Ci sono persone alle quali ci si affeziona pur non avendole mai conosciute. È un tipo di affezione del tutto speciale, perché composita, indiretta e, ovviamente, a senso unico.

Don Francesco Perini, ottocentesco prete orceano, è conosciuto da molti per  l’apporto fornito alla conservazione delle memorie locali.

A lui, utilizzando in particolare le pagine del suo diario, ha attinto sovente chi ha voluto aggiungere un proprio contributo al proseguimento di tale conservazione. 

Proprio al suo diario, per qualche mia ricostruzione storiografica, mi sono anch’io rivolta, sfruttando la presenza di informazioni utili e presumibilmente affidabili perché annotate giorno per giorno da chi aveva esperienza diretta dei tempi raccontati.

Dispongo di una copia del manoscritto e, durante la forzata reclusione che il Covid ci ha regalato, ho voluto rileggerlo. 

È stata una lettura sorprendente. Libera dalle strettoie che normalmente impone una ricerca finalizzata allo studio, ho scoperto il Perini raccontatore. 

Dal suo scritto hanno preso forma con prepotenza i protagonisti di una storia più speciale, perché intima e umana, fatta di esperienze anche particolari,  di rapporti spesso travagliati, di meste debolezze e di colorita teatralità.

E di una storia anche moderna e attuale. 

I protagonisti agiscono, sì, nello scenario di un paese che vive la grande avventura dell’unificazione italiana, ma guidati e condizionati da quei vizi e da quelle virtù che connotano l’animo umano sempre e ovunque. 

Da qui l’idea di staccare dalle pagine della cronaca del prete orceano i passi nei quali emergono queste figure, talvolta marcate e persino caricaturali, dove compare la vena di una narra-zione gustosa, accattivante, a tratti ironica o decisamente riprovatoria. 

Sono nate, così, le “Storie di paese (e del mondo, poiché tutto il mondo è paese. Oggi come ieri)”: una sorta di raccolta di brevi racconti che, coniugando un linguaggio ottocentesco a volte forbito e a volte popolare con la peculiare immediatezza del diario, possiedono la dignità di una fresca opera letteraria. 
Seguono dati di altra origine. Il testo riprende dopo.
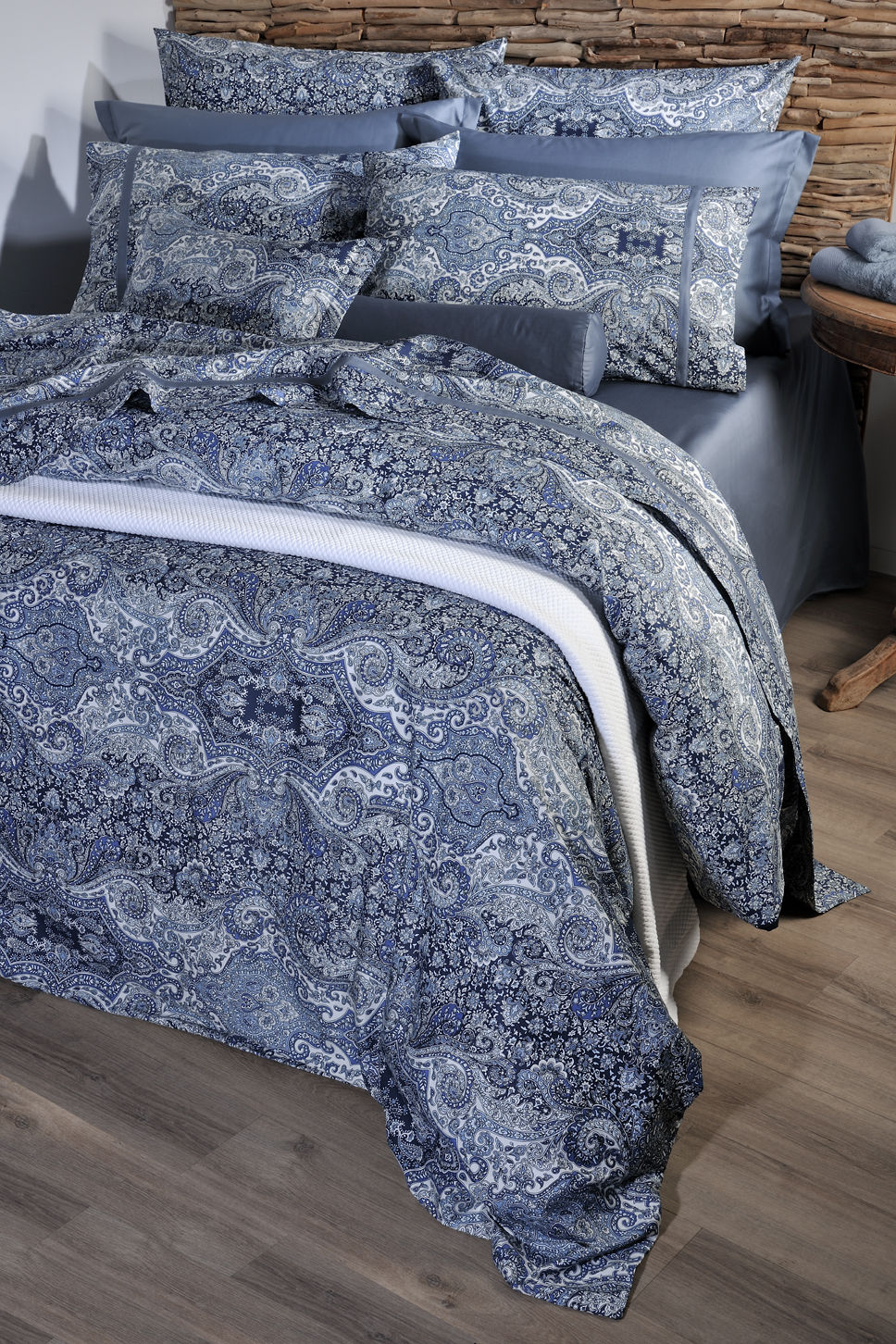 Queen Duvet Cover 847 Bombay Raf image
La rappresentazione che Perini offre di questo mondo così sfaccettato è tanto efficace e viva che invoglia ad immaginarne luoghi e protagonisti. Assecondando tale prerogativa, mi sono dilettata ad illustrare i testi, ricercando volti e figure che potessero adattarsi ai personaggi raccontati. 

E a trovarne i titoli.

Rimane da spiegare l’affe-zione di cui sopra. Chi scrive un diario mette se stesso in quelle pagine, anche se, come nel caso del Perini,  riporta la cronaca di ciò che gli accade intorno. Attraverso quella cronaca, infatti, si scoprono i pensieri, i punti di vista, le idee di un uomo che osserva il suo tempo e ne vive in pieno le manifestazioni.

Quando, poi, il diario è manoscritto, allora la lettura svela aspetti più intimi e nascosti, che vanno oltre ciò che le parole dicono. Ci sono giornate in cui la grafia è fluida e distesa, altre dove appare nervosa, affaticata e sofferta; si vedono cancellature, incertezze e ripensamenti. 

La narrazione acquista quasi il sapore di una confidenza, seppure in qualche modo carpita e strappata. Forse anche per questo ci si affeziona come a un amico.